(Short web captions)
-*-

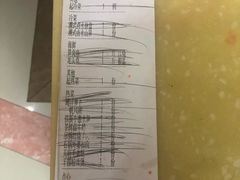 -小元国大酒店(环城东路店)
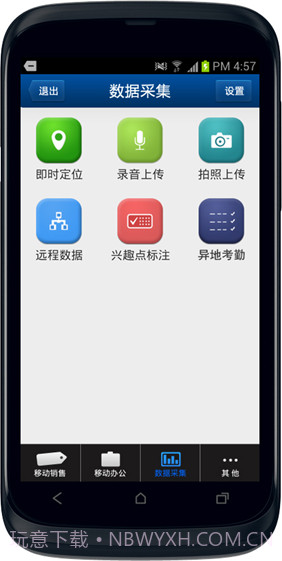 京诺移动CRM截图4 京诺移动CRM截图4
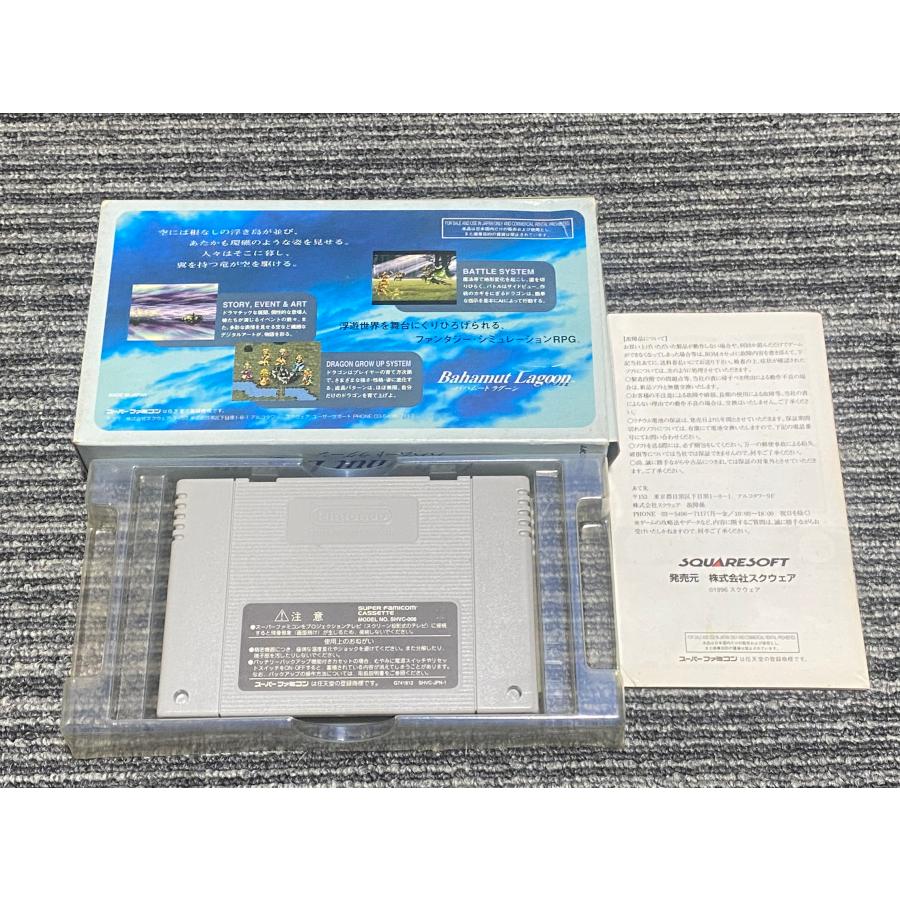 任天堂 スーパーファミコン カセット ソフト バハムート 任天堂 スーパーファミコン カセット ソフト バハムート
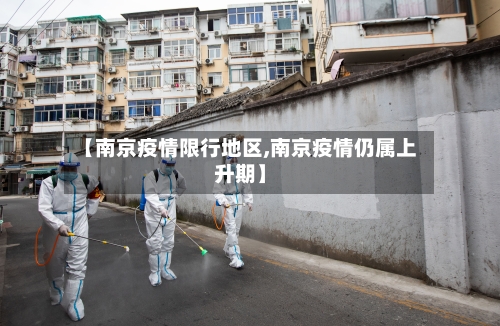 【南京疫情限行地区,南京疫情仍属上升期】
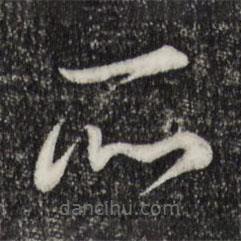 赵孟頫写的草书所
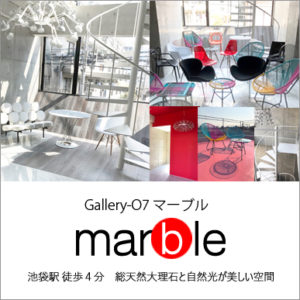 GalleryO7 marble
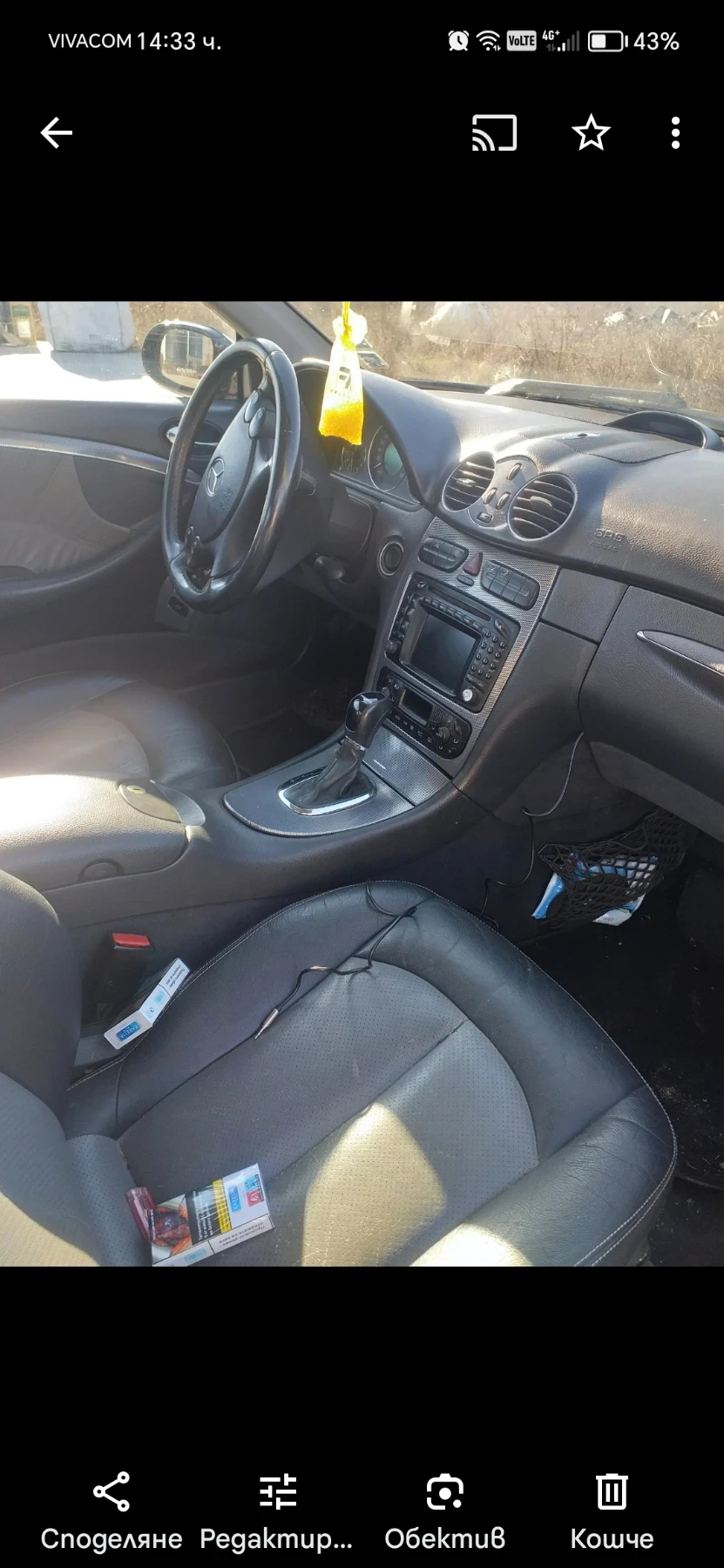 Mercedes-Benz CLK, снимка 7 - Автомобили и джипове - 53519624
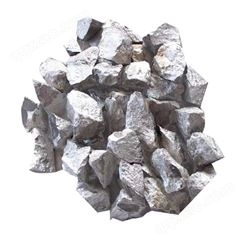 高纯Mn锰片 电解锰块 99.9溅射靶材熔炼蒸镀材料电解锰片 锰块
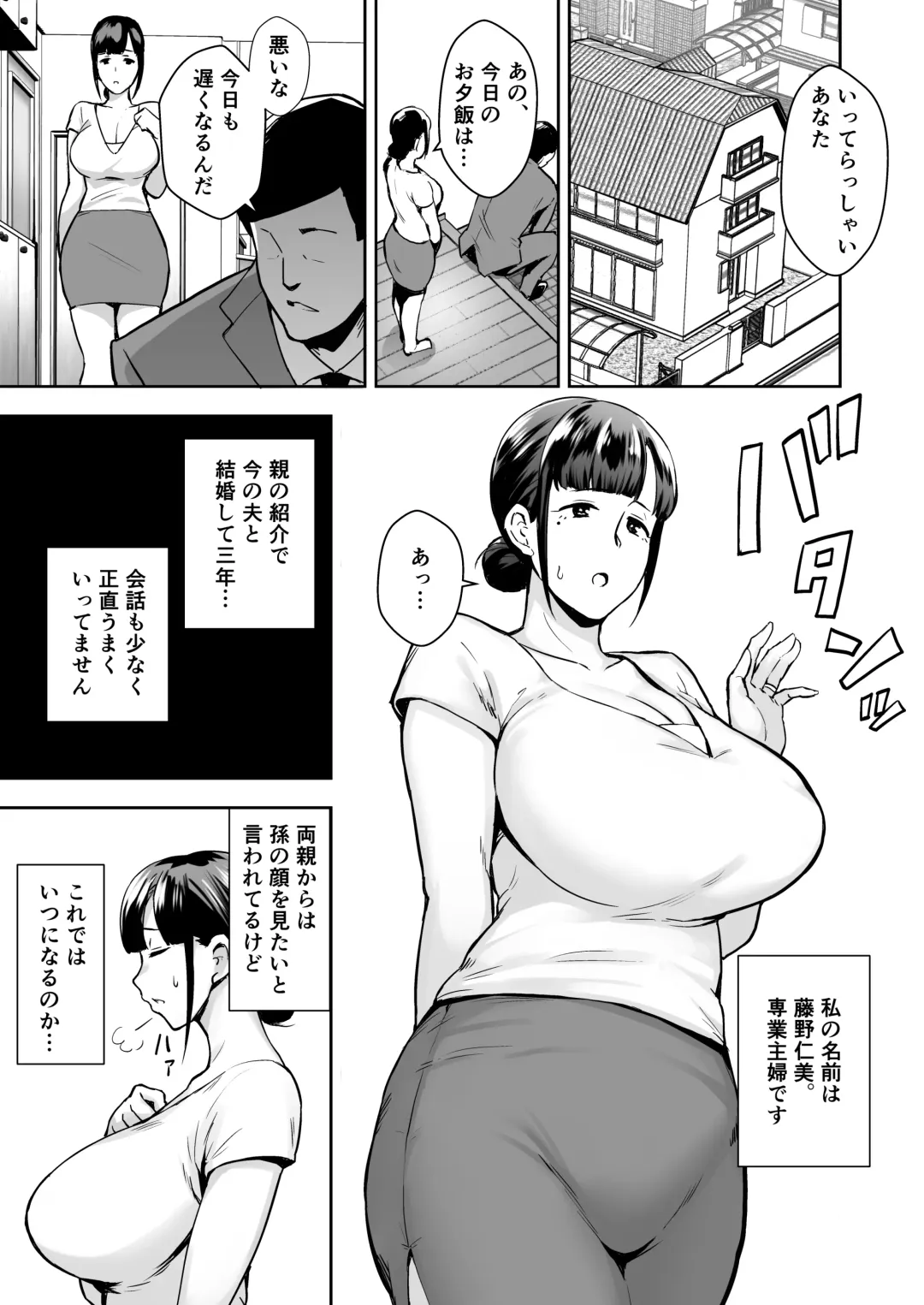 [Gagarin Kichi] Netorareta Bakunyuu Seiso Zuma Hitomi -Oikko ni Torotoro ni Tokasaremashita- Fhentai - Page 3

-*-

* What is being asked
From the line with "Mercedes-Benz CLK, снимка" down to the final line of the entries above, repeat each line exactly; omit the pictures.

* Written response
 Mercedes-Benz CLK, снимка 7 - Автомобили и джипове - 53519624
 高纯Mn锰片 电解锰块 99.9溅射靶材熔炼蒸镀材料电解锰片 锰块
 [Gagarin Kichi] Netorareta Bakunyuu Seiso Zuma Hitomi -Oikko ni Torotoro ni Tokasaremashita- Fhentai - Page 3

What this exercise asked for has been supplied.